At first, I briefly thought this post should go to "Media" or possibly "Investing" but the span of wrong and misleading statements, I almost wish there were a "Bald Faced Liars" forum. Regardless, it is a useful review of likely FUD we'll find in real life. Being prepared with facts and data makes you the bar chat winner:





This video highlights how financial 'analysts' are abysmally ignorant about the technology and not much more about investment and finances. My favorite example, the video was released on February 22 when TSLA closed at $913 February 21 with a market capitalization greater than everyone but Toyota.

Bob Wilson


----------



## NR4P (Jul 14, 2018)

I looked at only the first 10 mins due to my time constraint and believe it to be fair in general. A story such as this designed for a one hour TV segment may have taken more than 3 months to produce and edit before release. To find fault because of a 1 day release of stock price high and published on the air it not controllable unless it is live TV.

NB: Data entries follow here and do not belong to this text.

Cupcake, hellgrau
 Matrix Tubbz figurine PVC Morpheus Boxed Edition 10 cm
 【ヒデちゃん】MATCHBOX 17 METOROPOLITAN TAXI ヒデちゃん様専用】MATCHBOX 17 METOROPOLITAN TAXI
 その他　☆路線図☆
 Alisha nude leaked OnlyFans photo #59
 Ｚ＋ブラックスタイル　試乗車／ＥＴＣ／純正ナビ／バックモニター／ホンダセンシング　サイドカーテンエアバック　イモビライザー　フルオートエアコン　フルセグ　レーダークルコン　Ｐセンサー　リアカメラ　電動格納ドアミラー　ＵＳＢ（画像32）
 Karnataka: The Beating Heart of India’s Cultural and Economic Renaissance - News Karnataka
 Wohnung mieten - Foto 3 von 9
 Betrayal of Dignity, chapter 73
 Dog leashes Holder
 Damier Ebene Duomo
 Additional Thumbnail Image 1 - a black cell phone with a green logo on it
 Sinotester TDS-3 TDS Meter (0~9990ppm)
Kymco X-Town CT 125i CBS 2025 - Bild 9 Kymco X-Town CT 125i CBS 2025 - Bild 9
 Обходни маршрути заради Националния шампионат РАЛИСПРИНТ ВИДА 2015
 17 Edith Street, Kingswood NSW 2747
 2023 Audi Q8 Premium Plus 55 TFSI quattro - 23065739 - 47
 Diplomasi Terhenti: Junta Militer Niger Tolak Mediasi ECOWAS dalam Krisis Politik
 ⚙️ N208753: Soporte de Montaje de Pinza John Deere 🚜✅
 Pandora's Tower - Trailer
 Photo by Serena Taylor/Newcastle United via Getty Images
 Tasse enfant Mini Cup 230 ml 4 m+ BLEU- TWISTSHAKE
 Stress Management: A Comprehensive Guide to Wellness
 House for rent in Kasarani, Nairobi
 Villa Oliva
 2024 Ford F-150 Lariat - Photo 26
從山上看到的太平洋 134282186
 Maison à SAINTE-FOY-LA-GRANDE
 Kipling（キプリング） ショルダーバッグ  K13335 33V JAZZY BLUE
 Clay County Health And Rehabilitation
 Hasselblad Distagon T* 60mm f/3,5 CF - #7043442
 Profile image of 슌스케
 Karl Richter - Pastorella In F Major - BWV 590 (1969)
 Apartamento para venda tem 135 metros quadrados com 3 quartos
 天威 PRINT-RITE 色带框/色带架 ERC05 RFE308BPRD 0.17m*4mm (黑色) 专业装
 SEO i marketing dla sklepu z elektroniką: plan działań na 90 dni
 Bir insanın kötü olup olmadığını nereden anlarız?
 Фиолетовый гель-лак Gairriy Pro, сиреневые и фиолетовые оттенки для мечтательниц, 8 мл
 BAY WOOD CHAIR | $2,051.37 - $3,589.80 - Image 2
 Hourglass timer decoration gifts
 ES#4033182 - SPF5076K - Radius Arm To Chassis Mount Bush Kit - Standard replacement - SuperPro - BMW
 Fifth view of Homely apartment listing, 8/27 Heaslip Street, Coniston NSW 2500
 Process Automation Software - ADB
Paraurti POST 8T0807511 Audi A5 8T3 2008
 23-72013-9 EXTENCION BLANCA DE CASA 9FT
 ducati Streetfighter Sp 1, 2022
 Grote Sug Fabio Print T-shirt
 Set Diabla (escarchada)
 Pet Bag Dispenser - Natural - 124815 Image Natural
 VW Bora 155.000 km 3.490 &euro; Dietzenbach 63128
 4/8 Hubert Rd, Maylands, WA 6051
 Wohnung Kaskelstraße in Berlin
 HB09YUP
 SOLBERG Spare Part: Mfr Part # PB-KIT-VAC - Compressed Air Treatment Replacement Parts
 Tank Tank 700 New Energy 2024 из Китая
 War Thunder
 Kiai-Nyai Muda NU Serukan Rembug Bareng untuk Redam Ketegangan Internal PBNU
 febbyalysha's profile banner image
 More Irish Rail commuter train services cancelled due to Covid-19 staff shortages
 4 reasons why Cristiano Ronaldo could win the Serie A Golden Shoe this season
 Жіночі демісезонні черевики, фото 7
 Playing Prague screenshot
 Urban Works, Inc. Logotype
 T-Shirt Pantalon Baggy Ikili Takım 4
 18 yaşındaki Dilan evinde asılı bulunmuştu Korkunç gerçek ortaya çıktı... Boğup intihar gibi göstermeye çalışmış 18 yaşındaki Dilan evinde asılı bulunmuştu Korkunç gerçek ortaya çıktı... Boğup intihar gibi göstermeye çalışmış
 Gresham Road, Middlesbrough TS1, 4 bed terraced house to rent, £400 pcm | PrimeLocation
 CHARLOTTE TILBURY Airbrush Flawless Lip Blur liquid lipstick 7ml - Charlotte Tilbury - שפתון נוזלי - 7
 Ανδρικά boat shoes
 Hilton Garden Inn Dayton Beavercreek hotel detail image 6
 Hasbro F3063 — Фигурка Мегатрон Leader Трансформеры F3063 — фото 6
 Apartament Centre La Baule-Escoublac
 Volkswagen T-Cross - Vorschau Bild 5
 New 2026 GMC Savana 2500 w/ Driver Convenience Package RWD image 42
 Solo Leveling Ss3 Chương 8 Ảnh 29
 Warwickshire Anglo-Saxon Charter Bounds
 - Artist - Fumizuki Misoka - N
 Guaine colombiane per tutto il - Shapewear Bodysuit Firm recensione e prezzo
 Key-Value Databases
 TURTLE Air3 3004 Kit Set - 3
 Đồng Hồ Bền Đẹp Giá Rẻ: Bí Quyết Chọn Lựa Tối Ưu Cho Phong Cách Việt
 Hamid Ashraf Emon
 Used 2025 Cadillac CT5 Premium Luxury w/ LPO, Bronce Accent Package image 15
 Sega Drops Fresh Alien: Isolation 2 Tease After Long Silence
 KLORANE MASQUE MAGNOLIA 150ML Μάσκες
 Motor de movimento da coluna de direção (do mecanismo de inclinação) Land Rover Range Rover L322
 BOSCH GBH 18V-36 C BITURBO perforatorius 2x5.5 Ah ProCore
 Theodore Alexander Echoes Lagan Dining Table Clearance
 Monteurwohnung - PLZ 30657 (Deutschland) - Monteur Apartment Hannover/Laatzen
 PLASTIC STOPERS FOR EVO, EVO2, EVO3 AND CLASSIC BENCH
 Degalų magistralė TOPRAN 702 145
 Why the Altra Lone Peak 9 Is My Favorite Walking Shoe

The oil industry and many in Washington are spending more to convince people that EV's are worse than ICE vehicles for pollution. And another lie, Tesla gets handouts from the government to help them. How soon they forget the government rescue of GM and don't understand the buyer tax credits were given to Toyota years ago.

Also, about a week ago NBC ran a decent segment on the Mustang EV. Seemed to be very Ford focused. However I was disappointed when the tag that Telsa is not yet profitable was stated on air. With that only a week or two after Tesla announced full year profitability is disappointing but that story and voice overs were completed a number of weeks ago.

Until Tesla decides to counter with some advertising which they don't need to do for orders currently, its up to all of us to communicate the latest information.


----------



## Dr. J (Sep 1, 2017)

NR4P said:


> only a week or two after Tesla announced full year profitability


https://www.theverge.com/2020/1/29/21113987/tesla-q4-2019-earnings-results-profit-revenue-model-3

"Tesla still didn't turn an annual profit - in fact, it lost $862 million in 2019. But that was better than the $1 billion loss the company posted in 2018. The company pulled down a $105 million profit in the fourth quarter, ..."


----------



## JasonF (Oct 26, 2018)

I believe there's some financial guideline that a company isn't considered "profitable" until it produces a profit for 4 consecutive quarters.


----------



## Feathermerchant (Sep 17, 2018)

I like how they say that selling EVs is not profitable. Well they sell GASV's for at or below cost and make profits on parts and service. (think inkjet printers) So sure EVs will cost more. But service will be less.
Few seem to understand this.

Selling GASV's ad a discount and making it up on parts and service creates a barrier to new entries into the market. Making it difficult for innovation to happen. New entries don't have a fleet they are servicing to provide profits or at least income.
But another barrier it creates is when a better product comes along, existing OEMs are put at a disadvantage due to their business/dealer model, and the tremendous amount of capital required to change. This does not even count the corporate inertia. In the Video, they play Ford saying that your business self would not do this (take capital risks). Sure, because the share holders insist on return, return and more return without thinking long term or thinking about what is right for their own customers. Killing off your customers is not good for business in the long run.


----------